If in the interest of purchaser protection the Legislature believes increased protection to be required, it can so expressly *157provide. But for us to widen its application to packages of commodities elearly not encompassed by it would be to indulge in judicial legislation, which should be avoided. Alyeska Pipeline Service Co. v. Wilderness Society, 421 U.S. 240, 95 S.Ct. 1612, 44 L.Ed.2d 141 (1975); Eckert v. N. J. State Highway Dept., 1 N.J. 474, 479 -480 (1949).

Furthermore, we are here dealing with an appeal from the imposition of a penalty. Statutes imposing penalties must be strictly construed so that the condemned act must be plainly and unmistakably forbidden. Todd v. United States, 158 U.S. 278, 15 S.Ct. 889, 39 L.Ed. 982 (1895); United States v. Resnick, 299 U.S. 207, 57 S.Ct. 126, 81 L.Ed. 127 (1936); Neeld v. Giroux, 24 N.J. 224 (1957). Any doubt as to the meaning of a penal statute is to be resolved in favor of the accused. State v. Vanderhave, 47 N.J.Super. 483, 492 (App.Div.1957), aff’d. sub nom. State v. Giardina, 27 N.J. 313 (1958).

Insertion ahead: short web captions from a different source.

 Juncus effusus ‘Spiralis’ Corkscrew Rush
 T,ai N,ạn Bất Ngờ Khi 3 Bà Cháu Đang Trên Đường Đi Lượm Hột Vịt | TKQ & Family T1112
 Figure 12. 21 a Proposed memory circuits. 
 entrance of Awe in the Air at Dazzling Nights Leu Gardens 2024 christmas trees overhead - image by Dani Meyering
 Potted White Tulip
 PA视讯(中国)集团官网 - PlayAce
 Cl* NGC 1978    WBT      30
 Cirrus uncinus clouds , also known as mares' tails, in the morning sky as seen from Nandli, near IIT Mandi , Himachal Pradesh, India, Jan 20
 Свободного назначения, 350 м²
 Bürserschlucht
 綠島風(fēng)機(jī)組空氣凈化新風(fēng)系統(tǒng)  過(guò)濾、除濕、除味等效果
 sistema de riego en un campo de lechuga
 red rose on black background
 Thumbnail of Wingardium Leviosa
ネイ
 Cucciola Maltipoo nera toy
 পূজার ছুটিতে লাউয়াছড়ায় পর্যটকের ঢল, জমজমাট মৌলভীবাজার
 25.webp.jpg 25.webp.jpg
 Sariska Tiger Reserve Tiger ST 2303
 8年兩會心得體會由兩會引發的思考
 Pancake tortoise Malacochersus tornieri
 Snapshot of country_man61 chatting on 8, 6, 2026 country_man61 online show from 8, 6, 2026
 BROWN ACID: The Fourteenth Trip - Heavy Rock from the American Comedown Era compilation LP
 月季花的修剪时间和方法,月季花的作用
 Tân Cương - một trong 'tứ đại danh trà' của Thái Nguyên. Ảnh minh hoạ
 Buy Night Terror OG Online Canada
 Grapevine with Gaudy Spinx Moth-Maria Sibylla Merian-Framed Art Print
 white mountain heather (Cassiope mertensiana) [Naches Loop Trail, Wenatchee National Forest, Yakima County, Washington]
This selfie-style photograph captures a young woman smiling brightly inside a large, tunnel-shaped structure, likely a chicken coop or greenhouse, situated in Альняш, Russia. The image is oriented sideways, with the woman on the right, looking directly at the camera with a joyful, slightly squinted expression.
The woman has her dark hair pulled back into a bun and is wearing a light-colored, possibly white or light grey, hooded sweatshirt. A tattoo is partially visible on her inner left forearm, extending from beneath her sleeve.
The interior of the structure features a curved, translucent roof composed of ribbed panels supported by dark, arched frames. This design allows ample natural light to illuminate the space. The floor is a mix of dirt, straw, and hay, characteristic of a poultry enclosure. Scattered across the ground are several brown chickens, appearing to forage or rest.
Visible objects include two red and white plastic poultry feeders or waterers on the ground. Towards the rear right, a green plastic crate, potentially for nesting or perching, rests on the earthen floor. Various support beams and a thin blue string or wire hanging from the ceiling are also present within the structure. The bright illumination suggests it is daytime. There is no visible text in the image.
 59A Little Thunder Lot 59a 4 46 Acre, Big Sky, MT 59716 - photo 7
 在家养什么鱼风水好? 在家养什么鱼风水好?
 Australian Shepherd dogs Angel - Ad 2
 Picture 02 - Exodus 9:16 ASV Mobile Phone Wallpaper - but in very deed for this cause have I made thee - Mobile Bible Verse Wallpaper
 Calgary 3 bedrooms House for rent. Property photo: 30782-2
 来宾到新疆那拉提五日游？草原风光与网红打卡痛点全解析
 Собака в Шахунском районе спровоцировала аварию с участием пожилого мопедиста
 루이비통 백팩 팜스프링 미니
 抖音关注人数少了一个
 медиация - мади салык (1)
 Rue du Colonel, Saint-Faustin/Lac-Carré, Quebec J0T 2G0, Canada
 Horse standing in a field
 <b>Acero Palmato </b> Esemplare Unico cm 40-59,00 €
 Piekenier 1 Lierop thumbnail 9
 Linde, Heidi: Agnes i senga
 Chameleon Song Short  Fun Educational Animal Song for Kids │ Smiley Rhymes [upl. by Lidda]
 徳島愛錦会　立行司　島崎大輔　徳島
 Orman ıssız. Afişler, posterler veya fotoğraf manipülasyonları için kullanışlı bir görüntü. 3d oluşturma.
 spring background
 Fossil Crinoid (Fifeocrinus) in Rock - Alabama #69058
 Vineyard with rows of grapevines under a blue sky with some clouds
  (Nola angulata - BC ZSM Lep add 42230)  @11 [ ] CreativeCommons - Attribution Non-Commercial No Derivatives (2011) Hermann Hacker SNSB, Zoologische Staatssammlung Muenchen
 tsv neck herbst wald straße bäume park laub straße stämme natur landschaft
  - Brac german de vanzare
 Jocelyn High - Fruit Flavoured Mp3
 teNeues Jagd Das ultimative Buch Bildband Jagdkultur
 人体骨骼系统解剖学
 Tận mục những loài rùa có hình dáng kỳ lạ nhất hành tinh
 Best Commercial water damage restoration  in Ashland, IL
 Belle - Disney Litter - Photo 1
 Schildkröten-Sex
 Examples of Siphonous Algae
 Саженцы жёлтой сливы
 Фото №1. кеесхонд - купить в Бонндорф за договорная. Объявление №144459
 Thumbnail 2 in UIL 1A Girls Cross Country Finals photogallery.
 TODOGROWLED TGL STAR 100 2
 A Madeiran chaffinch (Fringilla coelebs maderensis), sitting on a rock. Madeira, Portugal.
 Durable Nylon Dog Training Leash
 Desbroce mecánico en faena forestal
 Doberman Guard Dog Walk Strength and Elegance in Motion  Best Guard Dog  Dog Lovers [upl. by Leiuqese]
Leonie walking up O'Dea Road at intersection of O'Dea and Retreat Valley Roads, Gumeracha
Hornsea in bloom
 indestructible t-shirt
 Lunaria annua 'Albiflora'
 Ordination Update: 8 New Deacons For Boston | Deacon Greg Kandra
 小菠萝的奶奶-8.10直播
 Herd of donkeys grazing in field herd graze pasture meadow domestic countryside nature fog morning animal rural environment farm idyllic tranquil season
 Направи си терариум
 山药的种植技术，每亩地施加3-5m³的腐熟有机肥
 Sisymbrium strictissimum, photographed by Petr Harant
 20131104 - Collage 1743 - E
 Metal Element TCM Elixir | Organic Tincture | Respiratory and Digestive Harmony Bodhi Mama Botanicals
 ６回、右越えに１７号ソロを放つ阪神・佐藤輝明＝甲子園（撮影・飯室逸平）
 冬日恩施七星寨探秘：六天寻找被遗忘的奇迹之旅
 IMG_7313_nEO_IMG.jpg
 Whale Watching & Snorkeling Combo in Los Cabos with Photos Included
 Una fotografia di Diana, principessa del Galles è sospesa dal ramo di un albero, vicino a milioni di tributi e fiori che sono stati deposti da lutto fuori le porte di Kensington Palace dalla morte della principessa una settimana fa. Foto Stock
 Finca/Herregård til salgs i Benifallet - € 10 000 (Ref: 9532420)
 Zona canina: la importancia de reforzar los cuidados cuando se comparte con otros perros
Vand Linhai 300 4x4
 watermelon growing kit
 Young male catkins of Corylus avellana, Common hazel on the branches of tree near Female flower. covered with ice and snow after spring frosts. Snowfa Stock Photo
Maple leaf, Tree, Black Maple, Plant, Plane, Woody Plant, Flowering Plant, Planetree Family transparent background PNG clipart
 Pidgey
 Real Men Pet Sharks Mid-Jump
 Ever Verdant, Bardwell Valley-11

In view of the foregoing, we need not address the issues of federal preemption or the applicability of Title 51 to an out-of-state manufacturer.

Reversed.

The question is not here raised as to whether the statute is unconstitutional because of its failure to provide standards to guide the superintendent in determining what commodities are placed within his power. In State v. Seligson, 106 N.J.Super. 329, 332 (App.Div.1969), we pointed out that “the statute may be vulnerable” and suggested legislative revision. Our suggestion has not yet been followed.